其二,韩文提出将纸质档案中心与电子档案中心、数据库档案中心分开以分别用来存储不同载体的档案。国家档案局发布的《归档文件整理规则》(DA/T22-2015)要求:“归档文件整理应遵循文件的形成规律,保持文件之间的有机联系;应区分不同价值,便于保管和利用;应符合文档一体化管理要求,便于计算机管理或计算机辅助管理;应保证纸质文件和电子文件整理协调统一。”由此可见,应对纸质档案、电子档案和数据库档案进行统一协调管理,而非分开保管,分别设置不同的存储空间对其进行保存有违档案整理规则,尤其是不利于维护档案的完整。此外,两位作者引入了“二级空间概念”,但是在笔者看来,“二级空间”比较繁琐,会加大档案工作者的工作量。
其三,韩文在“档案中心”的设计中提出了“参与档案生成”的设想,笔者认为这一说法存在理想化倾向。根据文件生命周期理论,文件形成阶段是由文书人员负责,现行阶段由业务人员管理,半现行阶段由档案室或文件中心人员管理,非现行阶段由档案馆专门人员管理。由此可见,文件在不同阶段的管理主体和场所是不同的。我国档案馆所接收的是处于文件生命周期后两个阶段即半现行期和非现行期的文件,前两个阶段主要由文书人员或业务人员负责管理,并且当前我国档案馆对档案的管理主要是载体管理,对于现行文件的生成和运用只能提供一些建议和指导,不可越俎代庖。此外,对文件从生成到归档保存的过程进行全程管理和前端控制固然有利于维护档案的真实性、完整性,但是,前端控制的主要任务并不是直接参与档案的生成,尤其是对于内容形成的干涉。“前端控制”主要针对的是电子文件的管理,要求对文件从形成一直到归档整个过程给予通盘规划,把可能预先设定的管理功能纳入系统之中,并在文件形成和维护阶段进行监督。其核心是一种“整体规划、业务环节提前、全过程监控”的理念。前端控制强调的是把原来后端的某些行为移置前端,而非参与档案的生成。
3.2设计存在浪费资源之嫌
我国档案馆的资金支出范围较为广泛,涉及到方方面面,但是档案馆经费毕竟有限且须专款专用,而“零库存”档案馆的设计是一个非常庞大的工程,它的实现需要大量的人力、物力和财力投入,实现难度大。此外,该设计存在资源浪费之嫌,例如“零库存”档案馆中“智慧档案馆联动利用模式”的设计,需要馆际、馆室、馆社等的资源整合,无论是在技术上还是具體工作上,都将花费很高的成本。再者,“档案馆”中“免费班车”的设计也较为浪费资源。为了便于提供利用,许多档案馆如上海浦东档案馆、广东东莞市档案馆等均位于交通便利、人流量较大的城市中心地带。在我国档案馆建设的选址中,交通因素是一个非常重要因素,由此一来,设置“免费班车”就显得多此一举了。

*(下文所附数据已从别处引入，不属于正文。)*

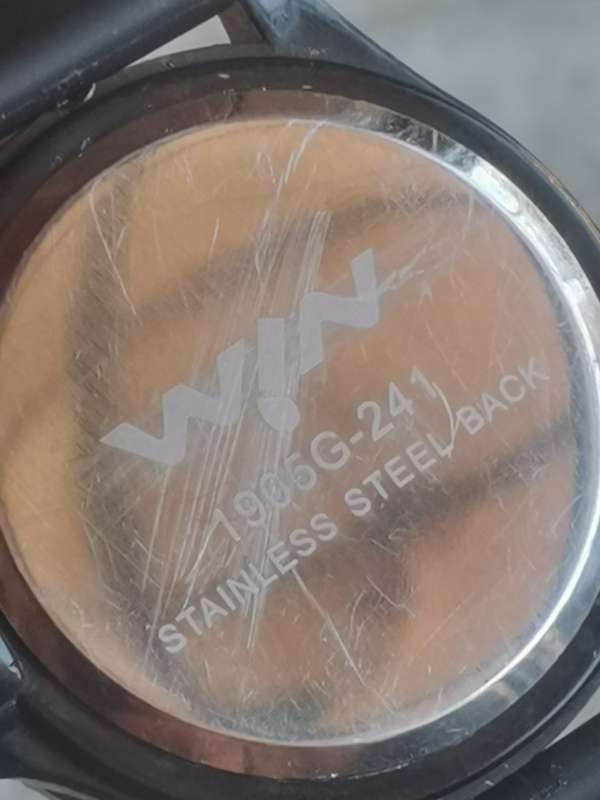 MENS WIN WATCH WITH ROTATING BEZEL IN EXCELLENT WORKING CONDITION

综合以上分析,笔者认为,将工商业领域中的“零库存”理念引入档案管理领域不符合档案管理理念和档案管理体制,“零库存”档案馆的设计存在一定的理想化倾向。笔者认为,在档案学跨学科研究中,相关学者应对引用的理论、观点和方法等进行全面的把握,在此基础上,还应结合档案事业的实际情况,深入分析所应用理念、观点和方法的适用性。韩文的两位作者将“零库存”理念强行引入档案领域,且并未对其进行深入分析,从而造成了“零库存”档案馆设计的片面化和理想化。在大数据时代,虽然我国档案事业应该紧随时代的发展、适应时代的要求有所创新和改进,但是我国档案管理要求与工商业中“零库存”的管理理念毕竟存在较大差异,所以应用“零库存”理念时需要慎重考虑。